Why did you choose this particular franchise?
We love the restaurant business and we wanted to diversify into another brand. In doing our research, we visited several restaurants, and tried the different foods. The quality of the food at Teriyaki Madness stood out from the others. The dishes being brought out to the customers were fresh and steaming hot and left us with a very good impression. Before we signed on, we had the opportunity to meet the founders and the management team who were great folks! The combination of the food, the concept, along with great people, made it an easy decision for us to join Teriyaki Madness.
How was the process of becoming a franchise owner different for a couple versus an individual?

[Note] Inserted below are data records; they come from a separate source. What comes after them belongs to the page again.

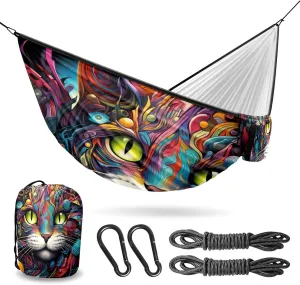 Camping Hammock Double & Single Portable Hammocks with 2 Tree Straps, Great for Hiking,Backpacking,Hunting,Outdoor,Beach,Camping, Cat (75)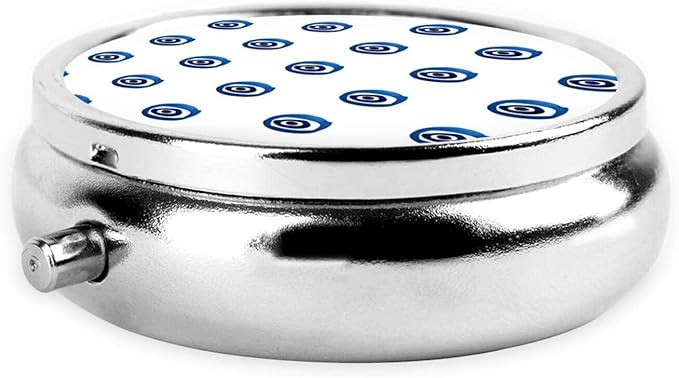 Evil Eyes Printed Round Travel Pill Box Cute Small Metal Pocket Pill Case for Men & Women 3 Compartment Portable Pill Organizer for Purse or Pocket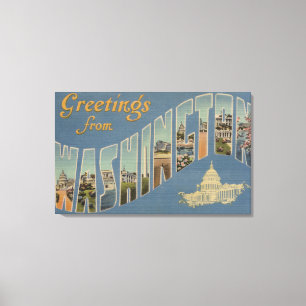 Washington (Staat) - große Buchstabe-Szenen 4 Leinwanddruck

Unlike finding a franchise for an individual, we wanted to find a business that we were both passionate about, and enjoyed doing. As a couple, we both had input on issues and decisions were made jointly. We normally agree with each other, so that wasn’t too difficult. The best part is since we are both franchisees, we were both fully trained by the franchisor to operate the business which gives us great flexibility in running our store. We can each have more “off time”
Where did you get most of your advice/do most of your research?
We regularly look at business magazines such as Entrepreneur, and the annual Entrepreneur Franchise 500. We also search franchise websites frequently.
What were the most unexpected challenges of opening your franchise?
One major hurdle we ran into was finding financing. We know many bankers, and have great relationships with them. However, we were told that even though we were part of a successful franchise, they would not finance the location. We were told by many lenders that they want to see several hundred successful franchised locations open before they will finance it.
What have been the biggest challenges and positives of running a business with your spouse?
The biggest challenge is the ability to “stop working” at the end of the day. It’s very difficult to not take work home and we find ourselves talking about work constantly. The positive on the other hand, is that we get to be together, and work together, in something we both love to do.
What advice do you have for individuals and couples who want to own their own franchise?
Due diligence. Do the research. Look at all the options. Most importantly, find something that you love to do. Making money in a business is good, but making money in a business that you love is great.
What’s next for you and your business?
The opening of our store almost doubled our projections. We are excited about sharing this food and concept with other neighborhoods. We are looking for spaces for our next locations. We hope to have a few more open in 2015.